I just had a discussion at home with my wife about the position of the SOS and strobe on the selector ring and she just came with a very simple solution. Why didn't they use braille so you can feel what level is selected. One small braille dot at each level and two braille dots at both the lowest and highest level. Strobe and SOS don't need a braille dot since those two can be found easilly at the far ends. Of course another dot or stripe at the ring to feel what level is chosen. I think the white stripes that are present now will wear out eventually. I hope SF is listening.


----------



## radu1976 (Sep 12, 2011)

Great review Eric ! Absolutely great !
It seems that the old TIROS INOVA style is back, inside of INVICTUS I can see the same pattern of optics which they used to be in the old INOVAs - T1,T2,T3, XO3 -
I am wondering if the beam projection is quite similar ... is it ? The throw seems really impressive and the sidespill not too bright . Does it have Saturn rings surrounding the hotspot ?

I wish INOVA realease a TIROS XM-L XO3 or T3 but those would probably be very floody, you need a large and deep bezel to focus an XM-L .


----------



## Rotophoto (Sep 12, 2011)

Just ordered an FM-24 by phone from Surefire. They have about few of them left in stock. You can't order them on line but you can order from customer service. I suppose when they run out they might think of making one the same color at the UB3T.


----------



## selfbuilt (Sep 12, 2011)

iapyx said:


> Why didn't they use braille so you can feel what level is selected. One small braille dot at each level and two braille dots at both the lowest and highest level.


I have to admit, that does make a certain amount of sense. Still, there is something inherently ironic around the idea of braille on a flashlight. 



radu1976 said:


> I can see the same pattern of optics which they used to be in the old INOVAs - T1,T2,T3, XO3 -I am wondering if the beam projection is quite similar ... is it ? The throw seems really impressive and the sidespill not too bright . Does it have Saturn rings surrounding the hotspot ?


It's been awhie since I handled one of those Inovas, so can't say for sure. I don't see any evidence of the infamous Saturn rings on the UB3T. And the sidespill is even dimmer than other lights I have that use an optic. They clearly spent some time optimizing the optic for this light.



Rotophoto said:


> Just ordered an FM-24 by phone from Surefire. They have about few of them left in stock. You can't order them on line but you can order from customer service.


Excellent news, good idea to call them direcly.


----------



## Monocrom (Sep 13, 2011)

As far as the old Inova TIROS goes, I for one was very happy when they switched over to a traditional reflector. I still have my old TIROS Inova T2.
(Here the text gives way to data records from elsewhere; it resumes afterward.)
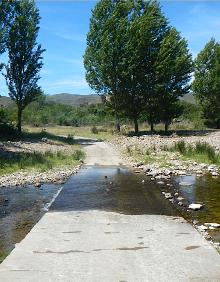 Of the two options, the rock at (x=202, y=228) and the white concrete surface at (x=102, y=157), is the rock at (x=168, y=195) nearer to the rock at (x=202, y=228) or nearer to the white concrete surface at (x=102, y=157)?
the rock at (x=202, y=228)

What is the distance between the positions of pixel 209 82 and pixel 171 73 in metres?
12.1

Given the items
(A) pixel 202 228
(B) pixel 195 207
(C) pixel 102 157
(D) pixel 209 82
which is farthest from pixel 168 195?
(D) pixel 209 82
Throw was great! But you ended up playing "follow the bouncing ball," as that was exactly what you got out of the old Inova optic. A beam of light that looked like a narrow ball which you had to move all over the place to see anything that wasn't literally directly in front of the narrow beam.

When turboBB and I compared his M3LT with my M6, I noticed that the beam from his M3LT actually spread out quite a bit when distance was increased. Basically you got plenty of useful spill that, ironically, was all hotspot that simply spread open over distance.


----------



## iapyx (Sep 13, 2011)

Monocrom said:


> As far as the old Inova TIROS goes, I for one was very happy when they switched over to a traditional reflector. I still have my old TIROS Inova T2.
> 
> Throw was great! But you ended up playing "follow the bouncing ball," as that was exactly what you got out of the old Inova optic. A beam of light that looked like a narrow ball which you had to move all over the place to see anything that wasn't literally directly in front of the narrow beam.
> 
> When turboBB and I compared his M3LT with my M6, I noticed that the beam from his M3LT actually spread out quite a bit when distance was increased. Basically you got plenty of useful spill that, ironically, was all hotspot that simply spread open over distance.


 
Monocrom, that is exactly my observation when I compared the UB3T with the LX2. It's a comparison that I would like to do again soon, but I noticed too that the UB3T spread out when the distance was increased. Initially I was a bit disappointed about it (something wrong with the TIR in the UB3T I thought). The LX2 beam seemed to stay tighter. During one test it was foggy outside and in my observation the LX2 did a better job in the fog. Later I realised that the test was not done with the both the lights at max, so 800 vs 200 lumens. Not really honest, but it gave an impression. Can't wait to compare them again.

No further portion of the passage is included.